Data excerpts:
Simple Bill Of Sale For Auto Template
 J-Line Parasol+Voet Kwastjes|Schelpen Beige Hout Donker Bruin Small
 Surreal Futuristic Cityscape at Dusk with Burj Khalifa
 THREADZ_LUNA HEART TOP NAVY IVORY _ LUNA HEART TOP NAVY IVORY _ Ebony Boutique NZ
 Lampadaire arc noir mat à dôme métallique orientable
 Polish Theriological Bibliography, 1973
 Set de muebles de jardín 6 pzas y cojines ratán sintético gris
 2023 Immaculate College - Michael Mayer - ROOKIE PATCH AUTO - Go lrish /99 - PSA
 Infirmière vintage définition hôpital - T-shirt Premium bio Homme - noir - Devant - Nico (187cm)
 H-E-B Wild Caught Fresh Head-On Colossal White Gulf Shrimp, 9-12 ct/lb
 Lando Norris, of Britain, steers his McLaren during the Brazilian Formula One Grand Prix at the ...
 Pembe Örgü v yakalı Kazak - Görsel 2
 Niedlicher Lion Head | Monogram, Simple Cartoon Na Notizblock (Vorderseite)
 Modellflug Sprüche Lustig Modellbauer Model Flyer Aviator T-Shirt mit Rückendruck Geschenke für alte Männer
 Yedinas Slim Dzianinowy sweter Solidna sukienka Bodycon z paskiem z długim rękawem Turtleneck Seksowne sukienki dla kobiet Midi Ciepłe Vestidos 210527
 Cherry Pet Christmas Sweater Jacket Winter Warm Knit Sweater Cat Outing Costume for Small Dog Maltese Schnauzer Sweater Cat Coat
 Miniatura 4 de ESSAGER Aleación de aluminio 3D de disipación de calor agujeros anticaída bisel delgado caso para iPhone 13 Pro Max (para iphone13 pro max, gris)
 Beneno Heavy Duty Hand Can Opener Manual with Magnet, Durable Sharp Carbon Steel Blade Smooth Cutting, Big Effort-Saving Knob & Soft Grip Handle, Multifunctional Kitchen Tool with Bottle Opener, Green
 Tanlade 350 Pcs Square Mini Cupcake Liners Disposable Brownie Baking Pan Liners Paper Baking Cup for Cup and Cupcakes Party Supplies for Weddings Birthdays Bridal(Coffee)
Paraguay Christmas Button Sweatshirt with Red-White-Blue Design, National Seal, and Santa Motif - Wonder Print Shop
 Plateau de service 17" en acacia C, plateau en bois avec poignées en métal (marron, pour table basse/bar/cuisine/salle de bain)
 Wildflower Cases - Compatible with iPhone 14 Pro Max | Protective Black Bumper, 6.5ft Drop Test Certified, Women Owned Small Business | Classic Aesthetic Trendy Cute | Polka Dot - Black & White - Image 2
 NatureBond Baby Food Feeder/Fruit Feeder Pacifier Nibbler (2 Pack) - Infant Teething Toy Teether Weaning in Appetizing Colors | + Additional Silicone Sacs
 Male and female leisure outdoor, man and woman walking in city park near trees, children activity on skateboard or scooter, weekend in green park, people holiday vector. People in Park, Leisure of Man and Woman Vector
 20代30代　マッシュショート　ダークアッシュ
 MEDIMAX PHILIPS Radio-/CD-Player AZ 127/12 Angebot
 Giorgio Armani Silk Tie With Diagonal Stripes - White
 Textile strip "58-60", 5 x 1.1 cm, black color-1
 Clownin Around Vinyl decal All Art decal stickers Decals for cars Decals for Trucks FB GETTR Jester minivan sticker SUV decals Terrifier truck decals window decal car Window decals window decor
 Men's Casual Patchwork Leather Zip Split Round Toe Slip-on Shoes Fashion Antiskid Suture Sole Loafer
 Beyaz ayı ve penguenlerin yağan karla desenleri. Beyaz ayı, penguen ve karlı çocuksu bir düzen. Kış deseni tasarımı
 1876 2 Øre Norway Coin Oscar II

*Aim of the task*:
Restate word for word only the lines running from the beginning of the data to the line holding "Lando Norris, of", both included.

*Exercise result*:
Simple Bill Of Sale For Auto Template
 J-Line Parasol+Voet Kwastjes|Schelpen Beige Hout Donker Bruin Small
 Surreal Futuristic Cityscape at Dusk with Burj Khalifa
 THREADZ_LUNA HEART TOP NAVY IVORY _ LUNA HEART TOP NAVY IVORY _ Ebony Boutique NZ
 Lampadaire arc noir mat à dôme métallique orientable
 Polish Theriological Bibliography, 1973
 Set de muebles de jardín 6 pzas y cojines ratán sintético gris
 2023 Immaculate College - Michael Mayer - ROOKIE PATCH AUTO - Go lrish /99 - PSA
 Infirmière vintage définition hôpital - T-shirt Premium bio Homme - noir - Devant - Nico (187cm)
 H-E-B Wild Caught Fresh Head-On Colossal White Gulf Shrimp, 9-12 ct/lb
 Lando Norris, of Britain, steers his McLaren during the Brazilian Formula One Grand Prix at the ...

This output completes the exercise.